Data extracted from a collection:
=== Section Start ===

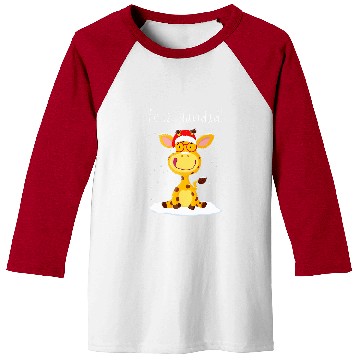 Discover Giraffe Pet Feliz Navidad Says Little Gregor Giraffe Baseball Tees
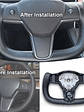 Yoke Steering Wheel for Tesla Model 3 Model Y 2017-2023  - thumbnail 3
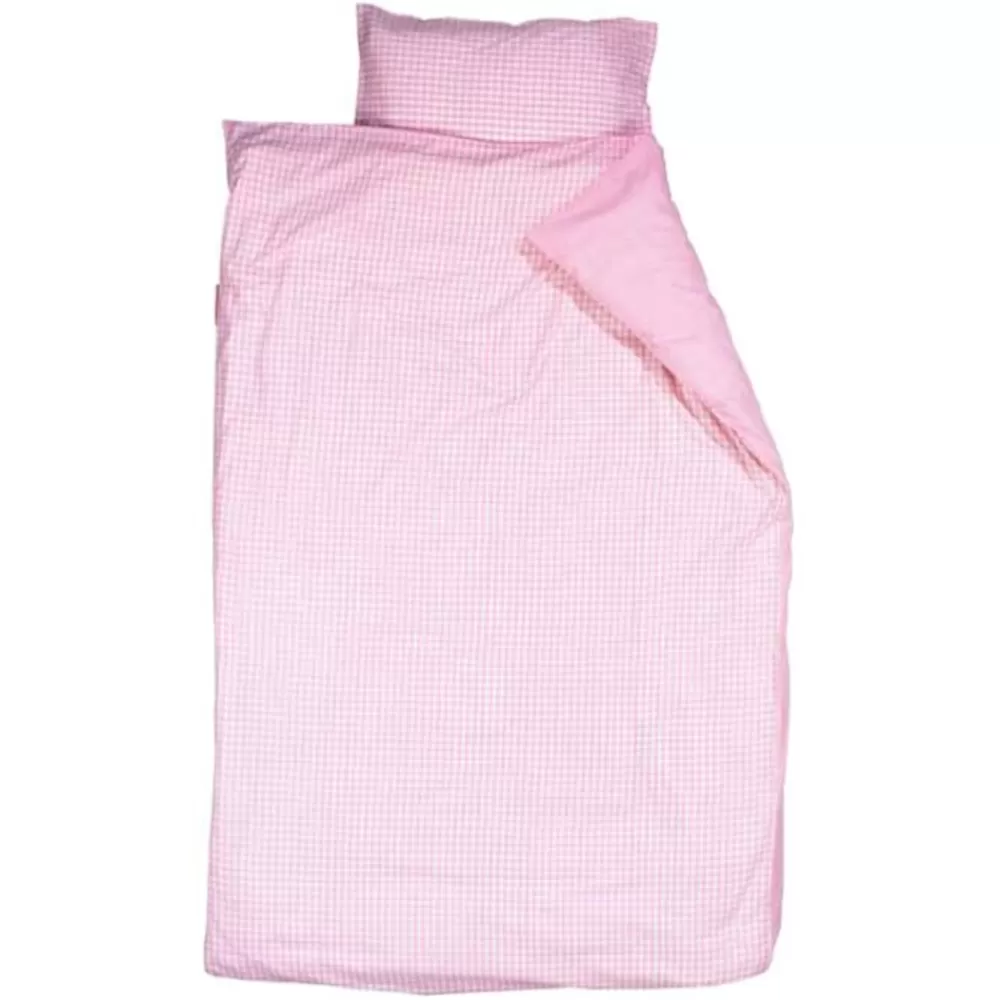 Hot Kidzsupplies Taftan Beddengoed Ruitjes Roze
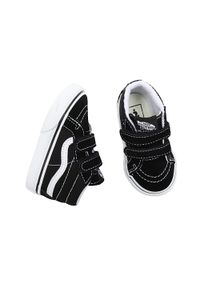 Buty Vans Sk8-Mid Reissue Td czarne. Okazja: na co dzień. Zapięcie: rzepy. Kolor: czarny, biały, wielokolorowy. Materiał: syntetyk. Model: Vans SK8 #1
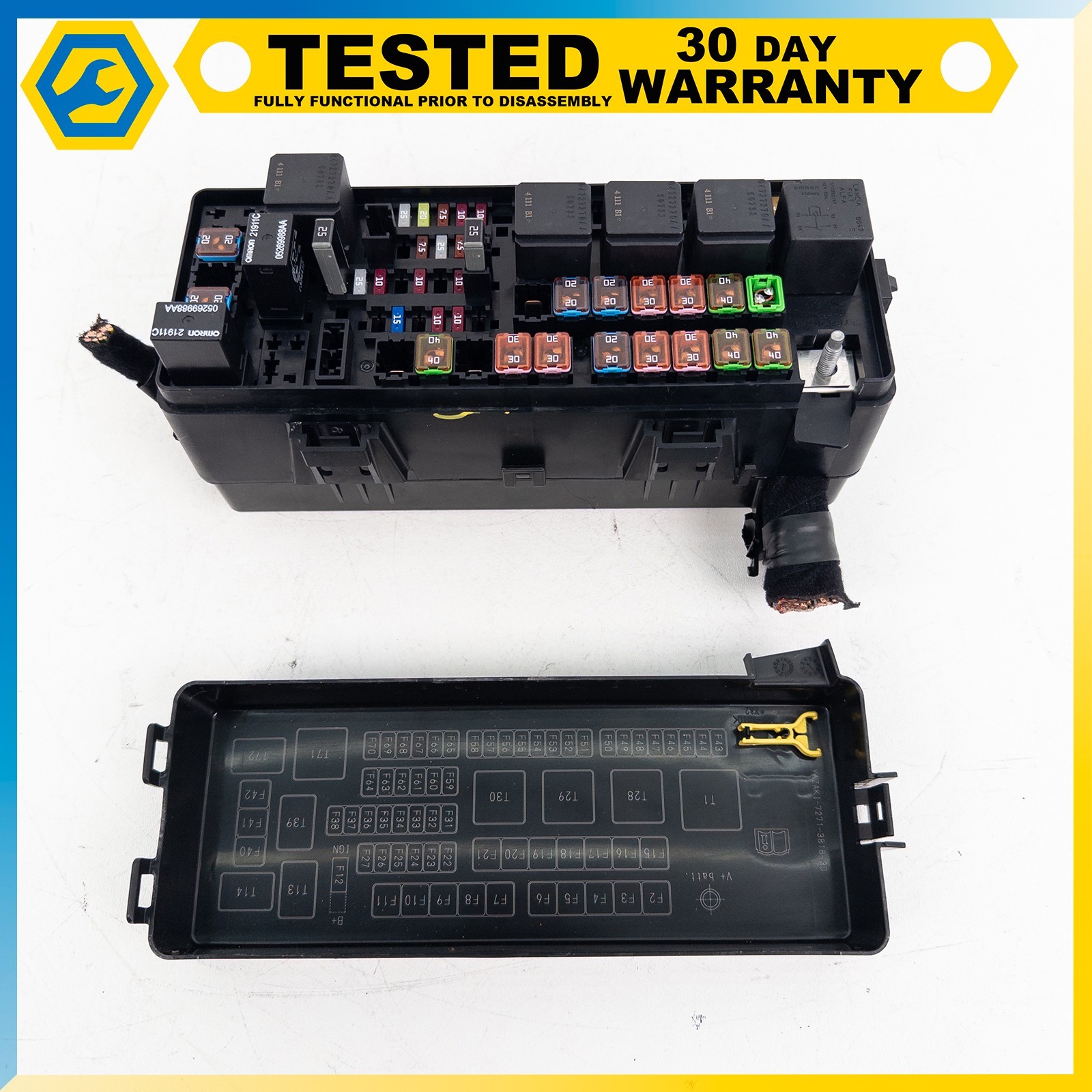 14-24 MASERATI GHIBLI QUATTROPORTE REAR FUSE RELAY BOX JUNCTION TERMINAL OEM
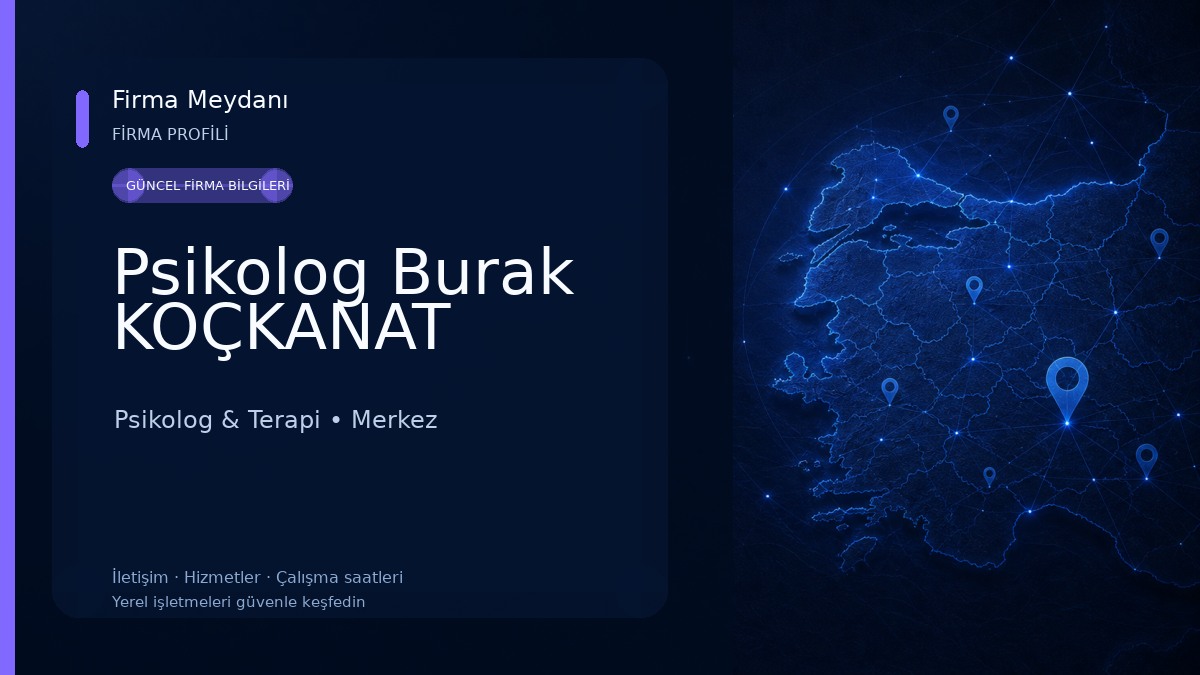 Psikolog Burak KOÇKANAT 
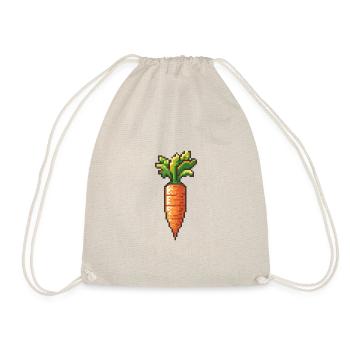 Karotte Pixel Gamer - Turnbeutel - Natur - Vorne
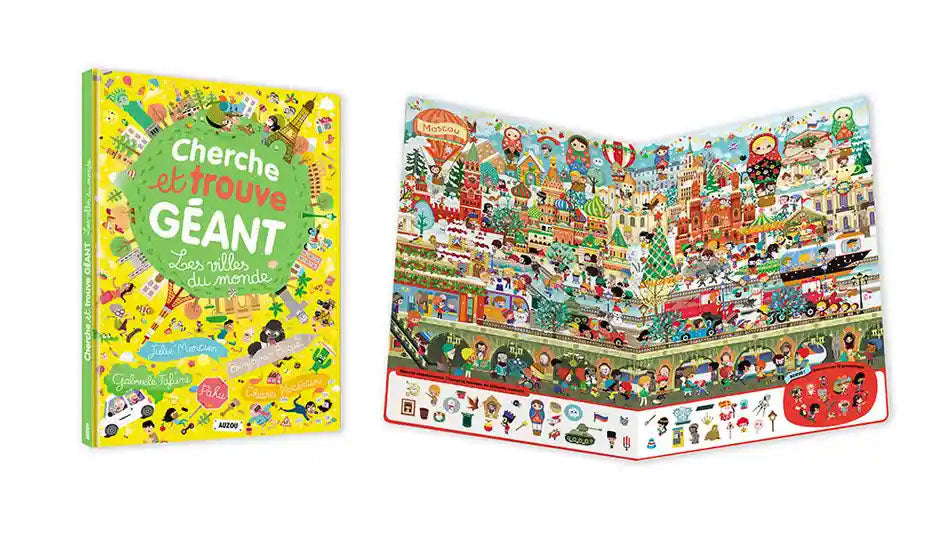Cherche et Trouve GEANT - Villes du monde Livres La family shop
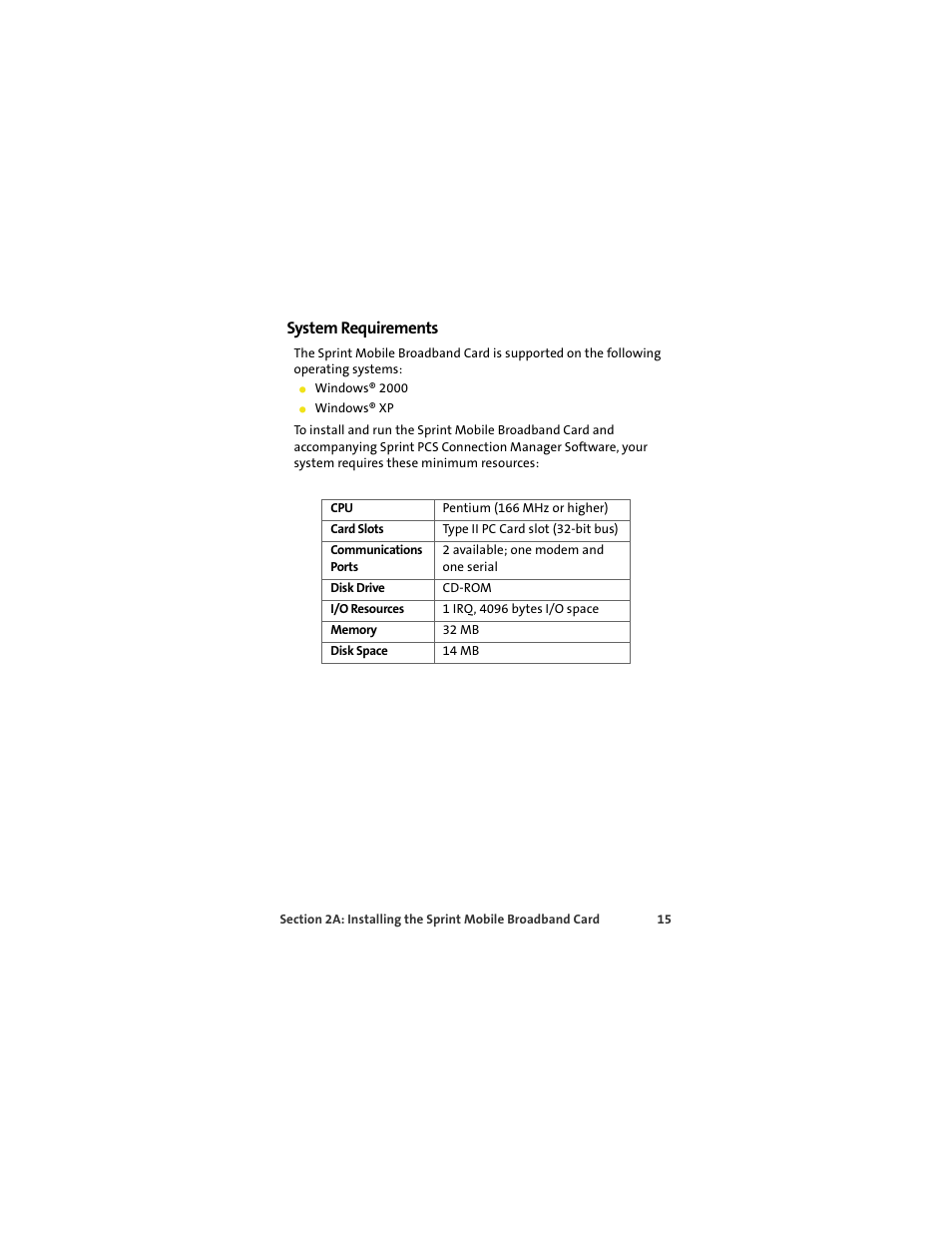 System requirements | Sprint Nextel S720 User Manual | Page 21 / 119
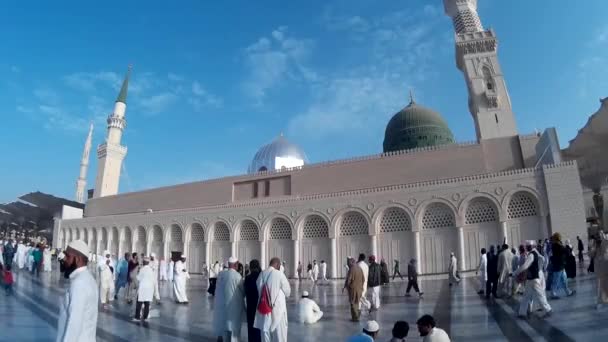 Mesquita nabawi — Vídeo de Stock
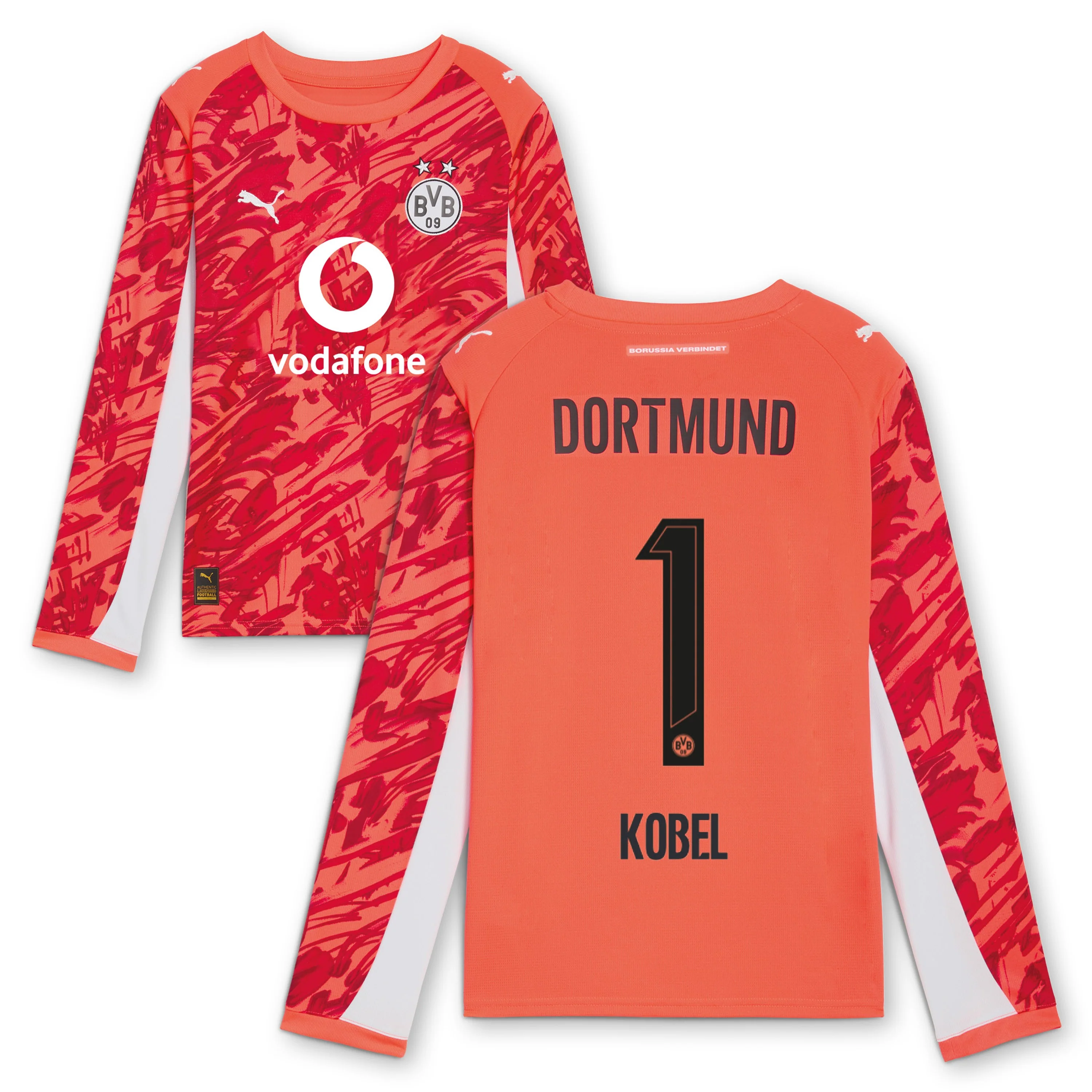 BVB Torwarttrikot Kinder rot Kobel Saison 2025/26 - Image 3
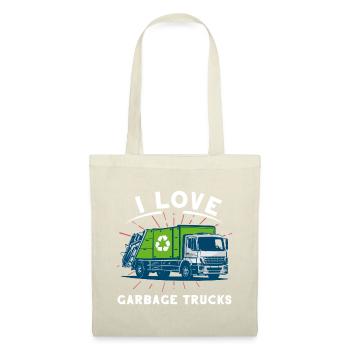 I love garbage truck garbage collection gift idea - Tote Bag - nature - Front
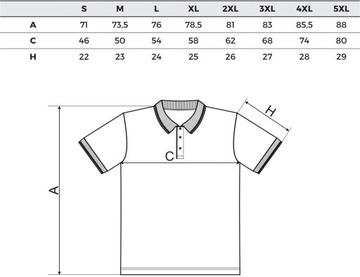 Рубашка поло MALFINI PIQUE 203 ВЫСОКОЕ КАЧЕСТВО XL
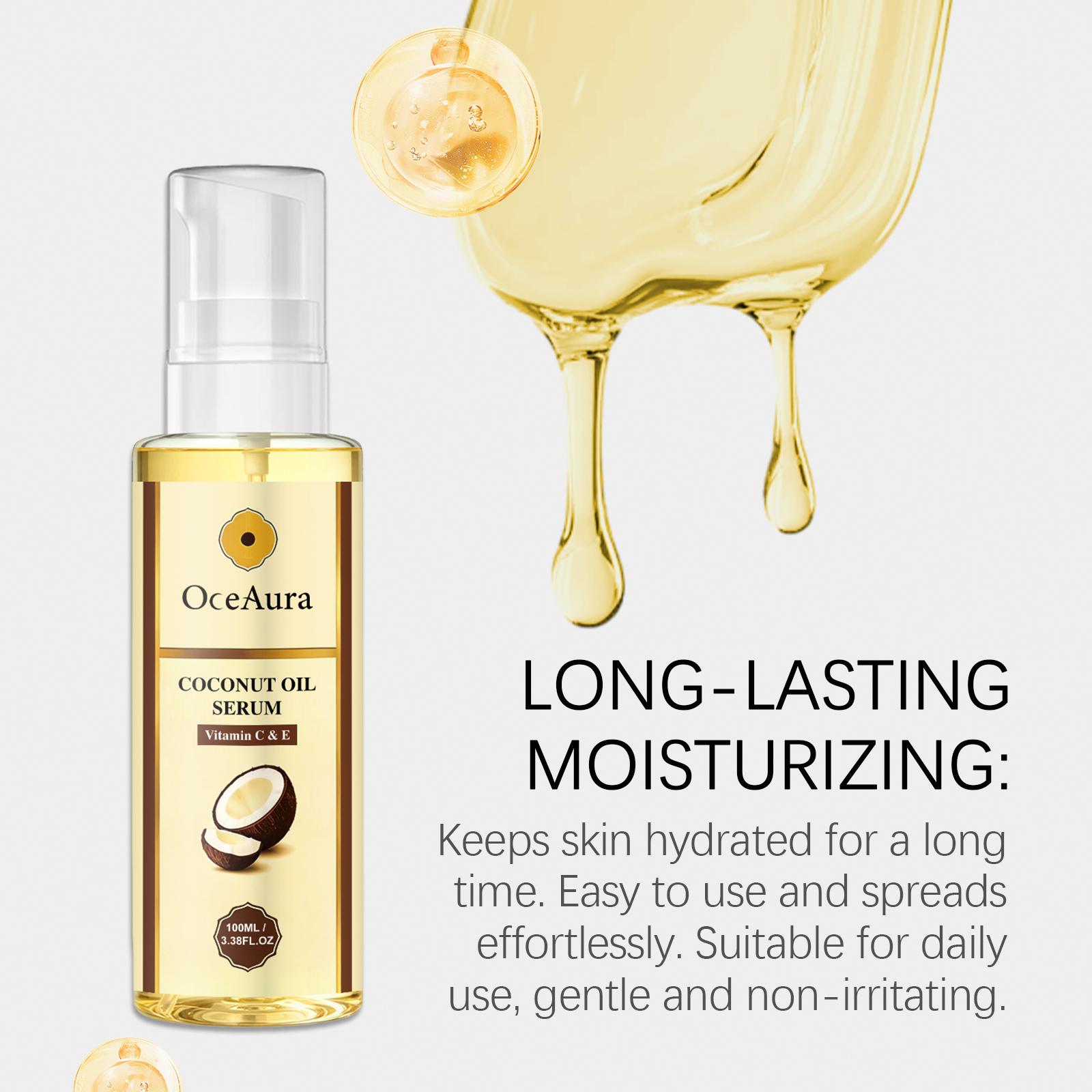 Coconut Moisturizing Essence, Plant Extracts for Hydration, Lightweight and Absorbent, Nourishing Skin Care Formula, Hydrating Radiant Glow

=== Section End ===

### [Your task]
Leave out every picture, and repeat word for word only the lines from the one holding "System requirements |" through the end of the entries above, both ends included.

### [Answer to the problem]
 System requirements | Sprint Nextel S720 User Manual | Page 21 / 119
 Mesquita nabawi — Vídeo de Stock
 BVB Torwarttrikot Kinder rot Kobel Saison 2025/26 - Image 3
 I love garbage truck garbage collection gift idea - Tote Bag - nature - Front
 Рубашка поло MALFINI PIQUE 203 ВЫСОКОЕ КАЧЕСТВО XL
 Coconut Moisturizing Essence, Plant Extracts for Hydration, Lightweight and Absorbent, Nourishing Skin Care Formula, Hydrating Radiant Glow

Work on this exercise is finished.